Das Grundgesetz für die Bundesrepublik Deutschland spiegelt diesen Anspruch allerdings nicht wider. Kinder sind Grundrechtsträger*innen und besonders schutzbedürftig, allerdings sucht man schon eine explizite Erwähnung der Grundrechte von Kindern im Grundgesetz vergeblich. Lediglich in Zusammenhang mit dem Elternrecht, dem Wächteramt der staatlichen Gemeinschaft sowie dem Gleichbehandlungsgrundsatz von ehelichen und nichtehelichen Kindern findet das Wort „Kind“ überhaupt Erwähnung im Verfassungstext. Die Rechte von Kindern und Jugendlichen gehören aber in die Verfassung!
Die Notwendigkeit zur Umsetzung dieser Forderung ist keine Erkenntnis der jüngeren Vergangenheit.
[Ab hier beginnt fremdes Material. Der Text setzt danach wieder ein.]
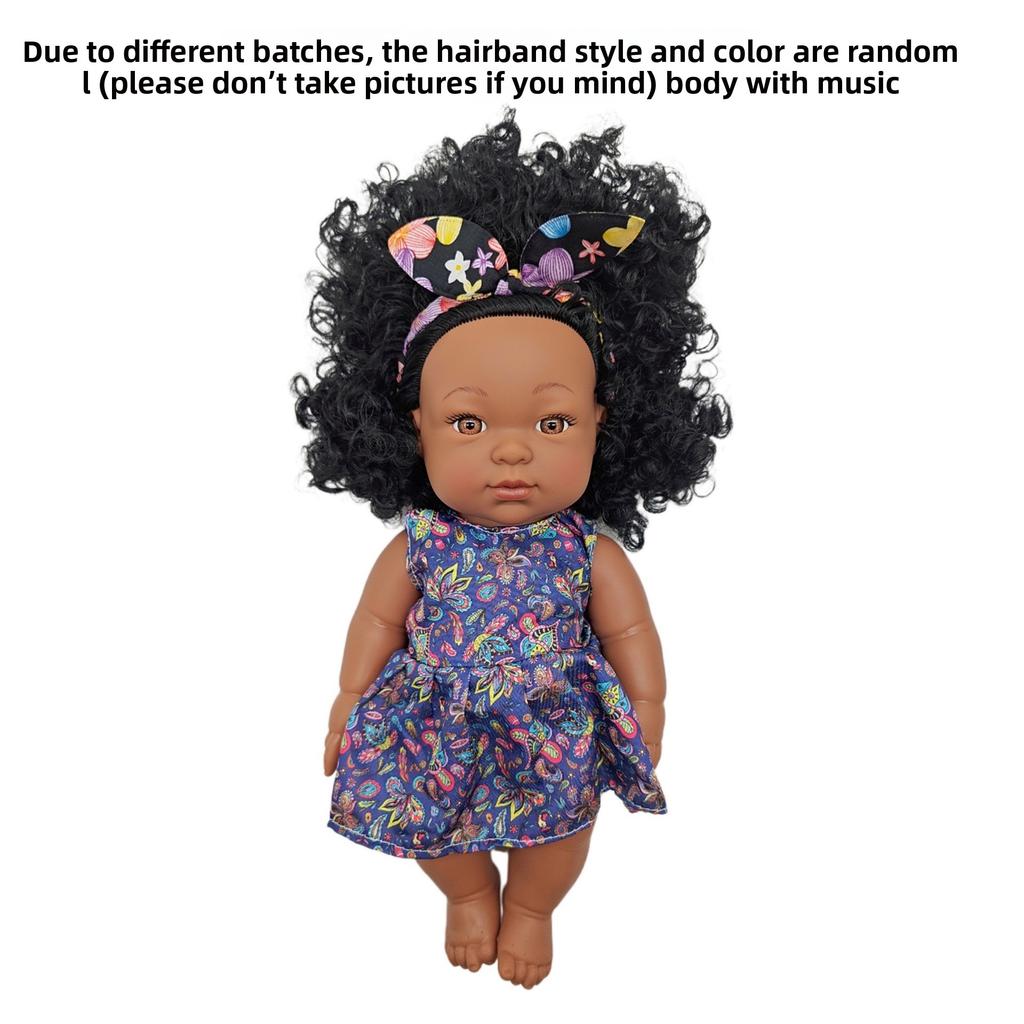 18-47CM Black Doll Full Body Vinyl Reborn Doll Soft Glue Simulation Baby African Doll Music Doll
Zahlreiche Arbeitsgruppen, Studien und Fachdiskussionen in den vergangenen Jahren haben ebendiese Forderung aufgestellt, um die Interessen von Kindern stärker zu berücksichtigen, aber auch deren Schutz zu fördern. Beispielhaft möchte ich an dieser Stelle die Arbeit der Enquete-Kommission der Bürgerschaft der Freien und Hansestadt Hamburg erwähnen, die erkannt hat, dass Bedingung für die Weiterentwicklung des Kinderschutzes eine Stärkung der Kinderrechte ist. Die Enquete-Kommission hatte den Auftrag, Empfehlungen zu erarbeiten, die der Stärkung des Schutzes und der Rechte von Kindern und Jugendlichen dienen sollen. Hierzu wurden diverse Untersuchungsfragen definiert. In ihrem Bericht aus dem Jahr 2018 hat die Enquete-Kommission in bemerkenswerter Weise festgestellt, dass sie „als Konsequenz und übergeordnete Antwort auf alle gestellten Fragen […] die Verankerung von spezifischen Kinderrechten im Grundgesetz“ für geboten hält.
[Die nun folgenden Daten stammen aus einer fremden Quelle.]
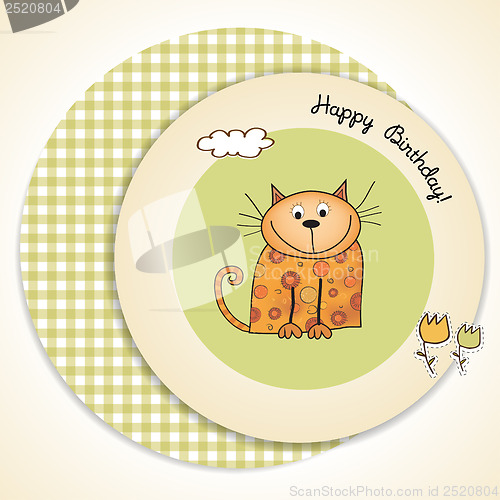 Image of new baby shower card with cat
Der dem Bundesrat von der Bundesregierung vorgelegte Gesetzesentwurf bleibt hingegen eindeutig hinter den an ihn gerichteten Erwartungen zurück. Durch den Gesetzesentwurf werden die Berücksichtigung des Kindeswohls geschwächt statt gestärkt, der Kindeswille und die wachsende Selbstbestimmung der Kinder nicht geregelt, das Beteiligungsrecht für Kinder nicht vorgesehen, das Recht auf Förderung der Kindesentwicklung nicht verankert und durch Wiederholung bestehenden Rechts die Verfassungslage verunklart sowie die Rechtsanwendung und -auslegung erschwert.
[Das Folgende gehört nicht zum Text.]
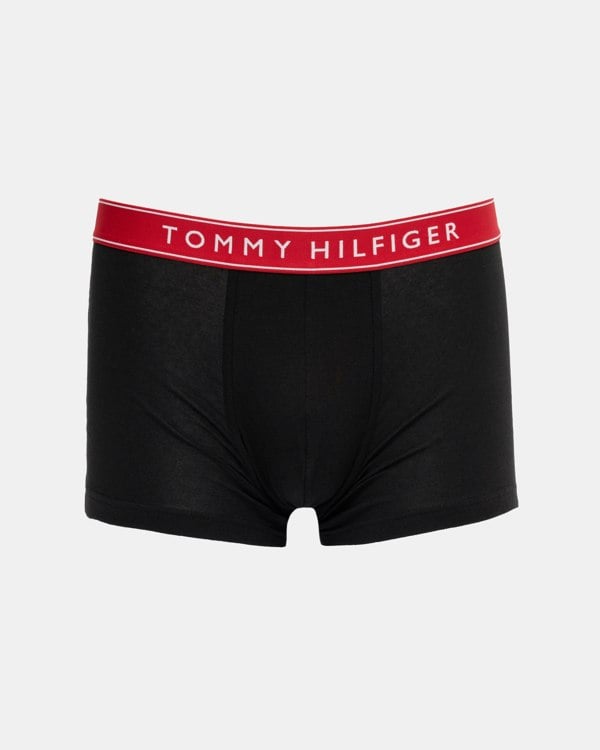 Tommy Hilfiger 3 Pack Mens Waistband Trunks - Burgundy / Red / Primary Red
Insbesondere die durch den Gesetzesentwurf der Bundesregierung vorgeschlagene Änderung, das Wohl des Kindes lediglich „angemessen“ zu berücksichtigen, bleibt weit hinter den Vorgaben der UN-Kinderrechtskonvention zurück, nach der das Wohl des Kindes ein „vorrangig“ zu berücksichtigender Gesichtspunkt ist. Dies ist vor allem vor dem Hintergrund des Geltungsvorrangs des Grundgesetzes problematisch, da die UN-Kinderrechtskonvention lediglich den Rang eines einfachen Bundesgesetzes hat. Eine durch die vorgeschlagene Verfassungsänderung sogar zu befürchtende Unterschreitung bereits geltender Kinderrechte ist nicht akzeptabel.
Anwendungs- und Auslegungsprobleme ergeben sich ferner durch den im Gesetzesentwurf der Bundesregierung eingeführten Hinweis auf die „Erstverantwortung der Eltern“. Dieser zusätzlichen Erwähnung steht lediglich eine Wiederholung bereits bestehender Kinderrechte gegenüber, was ebenfalls zu einer Abschwächung der Kinderrechte gegenüber dem Status Quo führen kann. Schließlich erscheint auch das Fehlen eines Rechts von Kindern und Jugendlichen auf Förderung ihrer Entwicklung – angesichts der vielerorts defizitären Bildungsgerechtigkeit in Deutschland – völlig unangemessen.
Damit verfehlt der Gesetzesentwurf die durch ihn eigens aufgestellten Ziele, die Rechte von Kindern als wesentliche staatliche Wertentscheidung ausdrücklich im Verfassungstext zu verankern und sichtbarer zu machen. Ich stehe mit meiner Kritik nicht alleine da. Unter anderem Teile der Rechtswissenschaft, der deutsche Anwaltsverein, Vertreter*innen aus der Politik und Kinderschutzverbände sowie nicht zuletzt auch viele Kinder und Jugendliche selbst blicken enttäuscht auf den uns heute vorliegenden Gesetzesentwurf.
Eine Änderung des Grundgesetzes, gerade im Katalog der Grundrechte, steht nicht häufig auf der Tagesordnung. Umso mehr haben wir die Pflicht, es jetzt richtig zu machen."